*** Supplied material

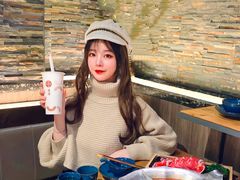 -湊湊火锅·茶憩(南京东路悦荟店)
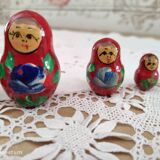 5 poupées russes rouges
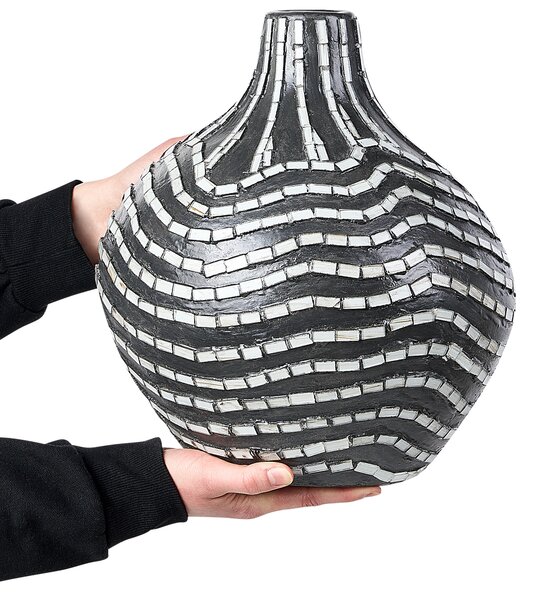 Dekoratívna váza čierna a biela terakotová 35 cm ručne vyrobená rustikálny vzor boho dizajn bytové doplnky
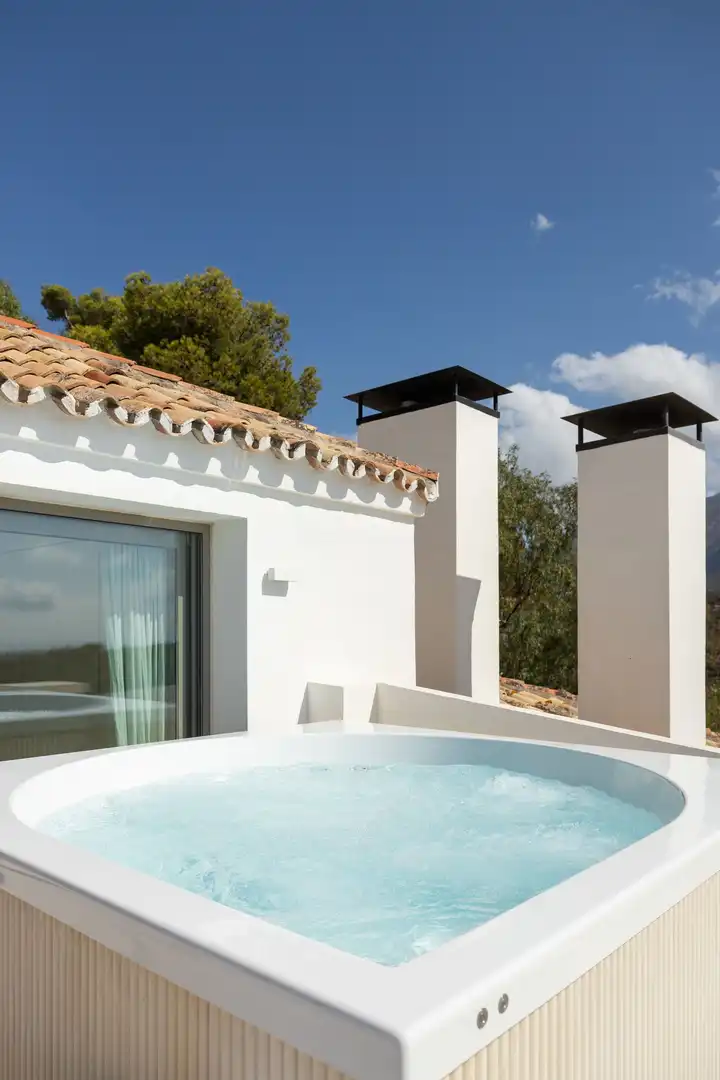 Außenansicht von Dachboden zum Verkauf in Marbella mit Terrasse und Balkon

******

(Problem requirements)
Exactly the lines from the one containing "Dekoratívna váza čierna" through the end of the data above: repeat those, both ends included, and nothing else. Skip the pictures.

(Output)
 Dekoratívna váza čierna a biela terakotová 35 cm ručne vyrobená rustikálny vzor boho dizajn bytové doplnky
 Außenansicht von Dachboden zum Verkauf in Marbella mit Terrasse und Balkon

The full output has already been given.